I was in a similar situation where I was doing the imaging production using Ray’s voiceovers and yes, his outtakes were hilarious! And very politically incorrect. I still have a cassette of promos from Fox FM from the late 80’s that Pat Griffin gave me featuring Ray – such epic promos (e.g. Skyshow) that are so different from today.

Matt Paton
13 Jun 2017 - 2:48 pm

Ahh Audisk. I had the “pleasure” of filling the overnight logs with commercials out at 4HI. As we had the Emerald/Moranbah split, we couldnt play music out of it, so had to play CD’s/Carts & Vinyl, and just commercials off Audisk.

Andy Wells
13 Jun 2017 - 11:13 pm

You may have been at 4CC just after my short stint there – Here’s my Ray promo collection – https://soundcloud.com/wellsbook/4cc-ray-mcgregor-promos-1994

Grayson Ottaway
13 Oct 2017 - 9:28 pm

I was talking to an old radio mate tonight about our voicing work and recalled getting a cassette demo of the A Team as a young fulla in 1993.

Ray McGregor, Steve Hunt, Holger Brockman and …

I treasured that cassette and listened to it so many times.

I recall vividly a Today FM stinger promo from the cassette;

“This weekend Today FM whips up a weekend with difference — details soon!”

Do you have a copy of it by any chance — cud it be posted?

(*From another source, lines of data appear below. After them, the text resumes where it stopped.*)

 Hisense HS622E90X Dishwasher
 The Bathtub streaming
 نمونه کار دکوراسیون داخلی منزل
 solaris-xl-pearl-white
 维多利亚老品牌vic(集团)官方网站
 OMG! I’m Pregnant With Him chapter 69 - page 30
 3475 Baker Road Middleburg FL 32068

Very best from the East Islands in Middle Earth

Matt Bodman
4 Oct 2018 - 1:29 pm

Good stuff, thanks for sharing! I did my 4CC stint in about ’94 and was there for the installation of Audisk (we called it Awfuldisk). It was the biggest piece of crap money could buy, I’m sure, but it beat the hell out of loading every ad-break on carts for 5 different stations. We were using a different promo voice then (the now also deceased Steve Andrews), but I later got to work with Ray during the launch of HotFM, Cairns. The HotFM network was then owned by Mike Willesee and he knew how to throw a party, so Ray came up for the launch. Ray was touring the station and, on being introduced to one of the more attractive members of our staff, leaned in to her ear and said “Hot.. FM…”, in his best promo voice. I guess he expected her to be impressed… He was a bit weird, but very funny and extremely talented. I don’t think there’s been a voice quite like that ever since.